You've overstepped. I don't think anyone brought into question your profession or academic ability. Don't fight dirty just because you aren't getting the result you want from the case you are laying out. Instead, look at the case and adjust. You obviously haven't laid out a compelling enough case.
As for the video - the dude is a resident. Since you seem to like to explain things that don't need explaining, let me explain. He is still in training. Has graduated medical school (good for him) and is now working as a physician under the supervision of more experienced personnel while he continues to gain knowledge and experience. He also talks a lot in maybes (like you have). Maybe the puck hit the neck and severed the artery. Maybe it fractured the temporal bone. maybe, maybe, maybe. He has no data, no evidence, no facts to hang his argument on. And like you, even hypothesized that a full cage might have mitigated the injury, but probably not. To his benefit he makes the obvious statement that 100s of thousands if not millions of folks have likely been hit with a puck in a similar area of the head, with very few (if any) of them seeing the catastrophic outcome this young man did.

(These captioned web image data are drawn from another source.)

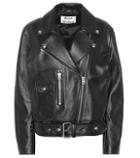 Acne Studios New Merlyn Leather Jacket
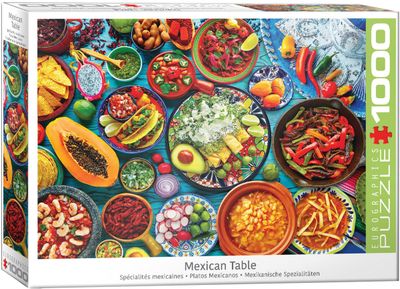 Mexican Table 1000pc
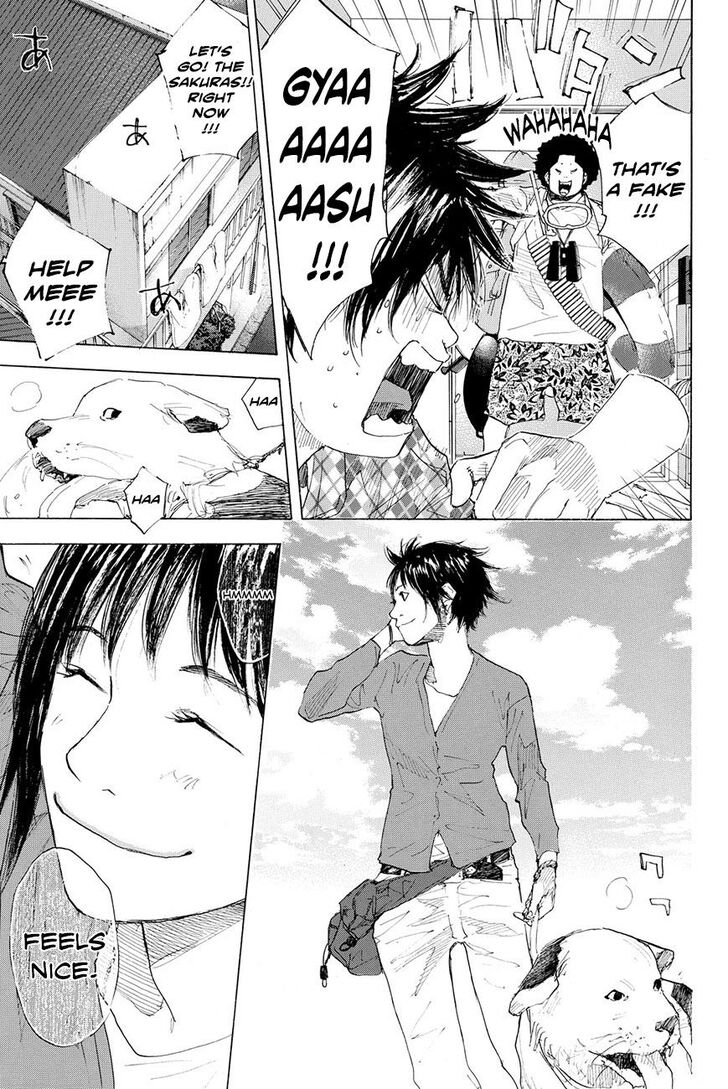 Read Ahiru no Sora Manga Online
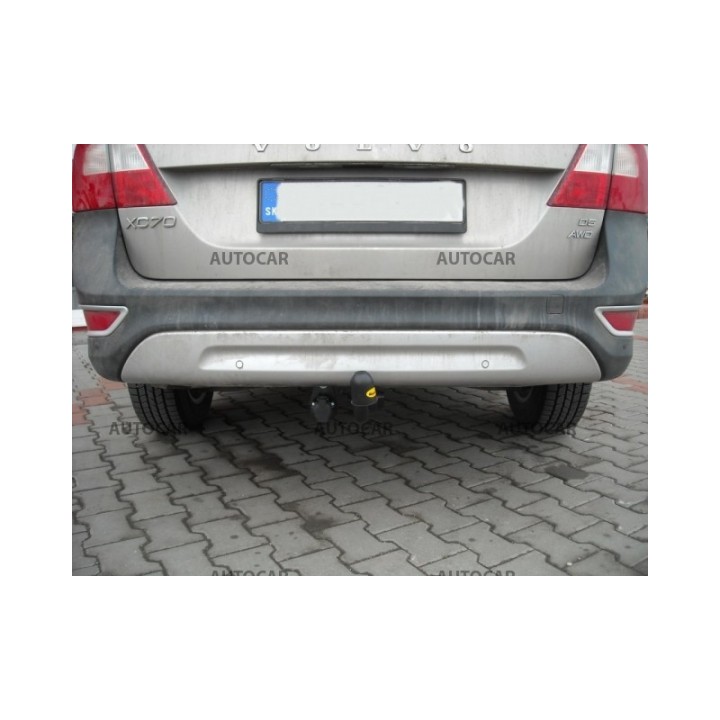 Vertical Detachable Towbar with Key, Westfalia Automotive, Volvo XC70 2011 - Present - EDK.ro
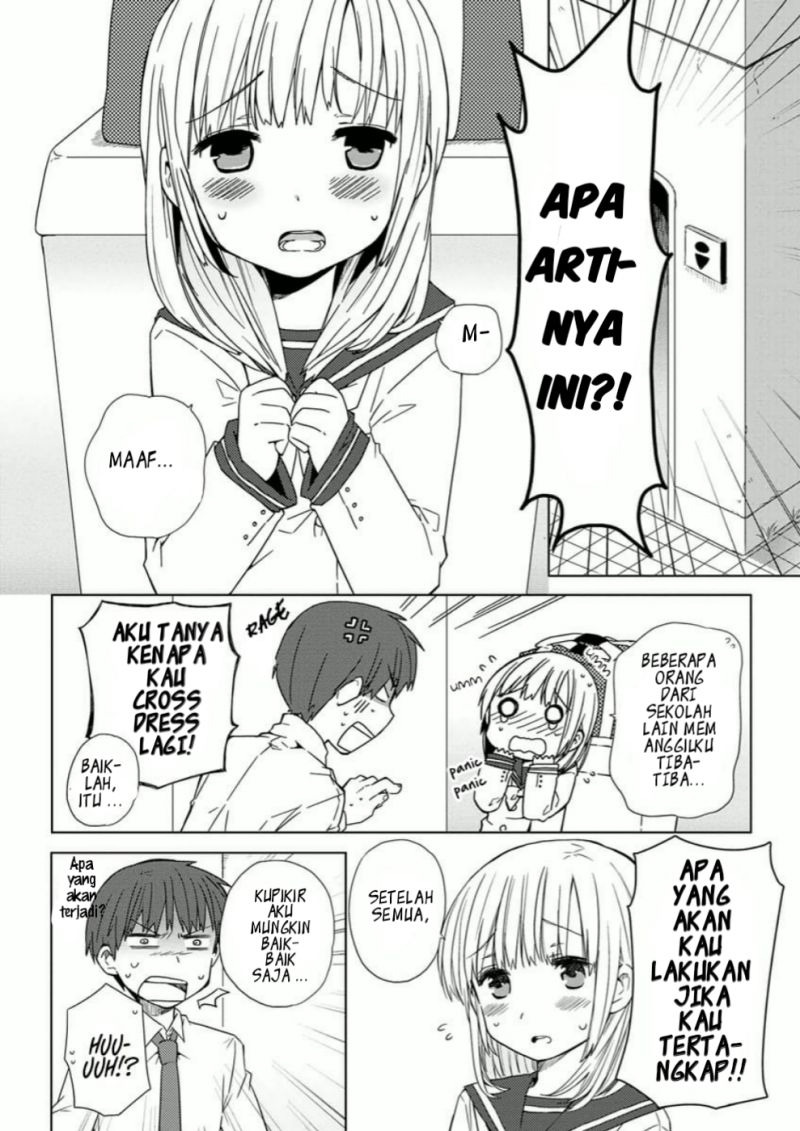 Baca Manga Miki no Houkago Chapter 02 Gambar 2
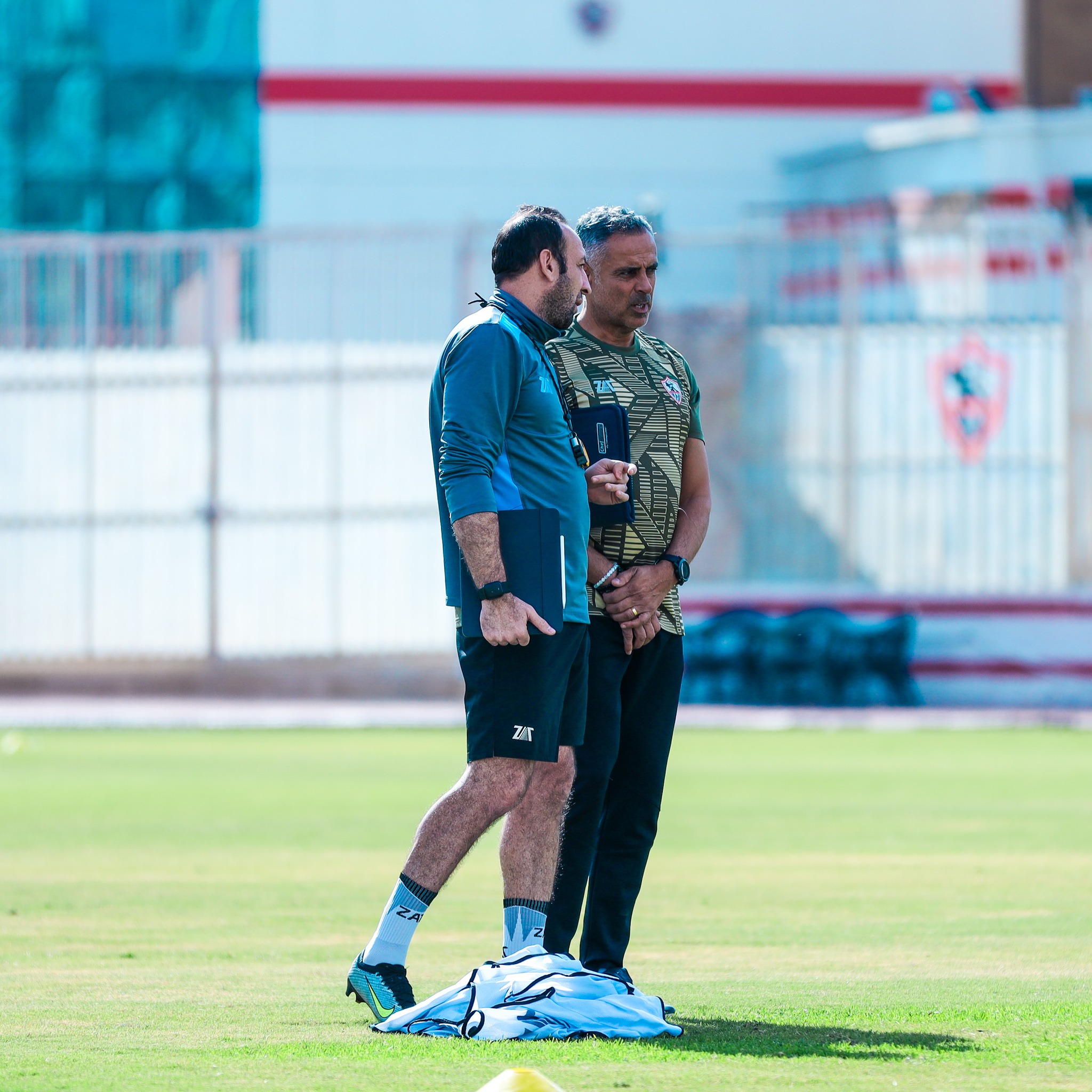 Zamalek coach Gomes: “Mistakes allowed Enyimba to equalize”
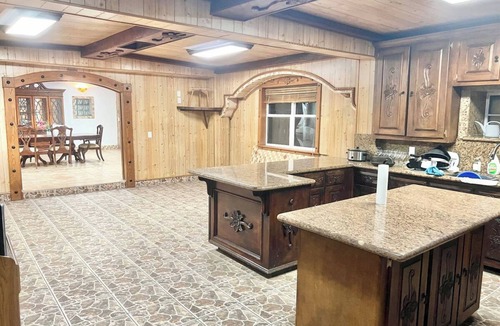 Alton House | Gated Hacienda Great for Family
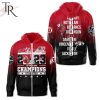 NCAA Utah Utes 2023 Las Vegas Bowl Champions Zip Up Hoodie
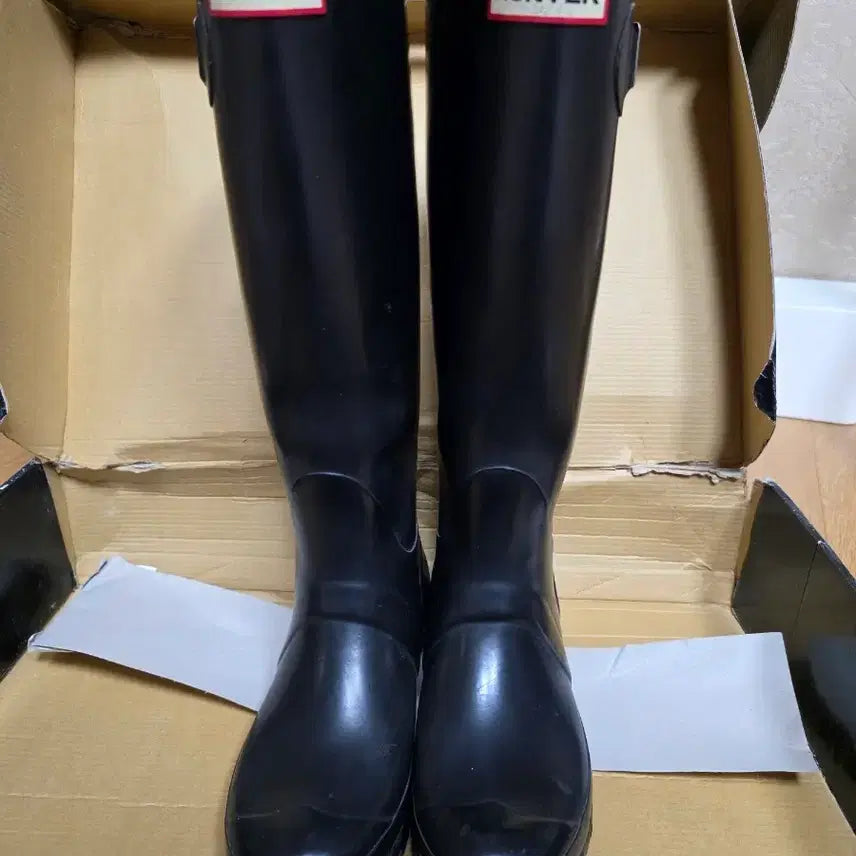 [BUNJANG] Hunter Original Tall Rain Boots UK 4 / EU 37 / 헌터 오리지날 롱 레인부츠 w EU 37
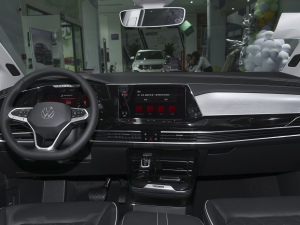 2021款380TSI 四驱旗舰胜境版 中控台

I think the point has been made before, we can't eliminate risk, only hope to mitigate it. Maybe a better helmet design could further mitigate the risk of this case, but the question is "is it worth the effort considering how prevalent serious injury is?" That is the question CCM and Bauer and Warrior are all asking themselves right now. What is the Return on Investment if we explore designing a safer helmet to mitigate these types of injuries? Considering the amount of merger and acquisition we've seen in the hockey equipment world over the last 20 years, I have to imagine margins for most equipment is razor thin. Throwing a ton of money into a new helmet design would make those margins even thinner and could potentially sink a company if they aren't careful with how they approach it. Hate to break it to you, but at the end of the day, staying in business is their top priority, your safety is further down on their list.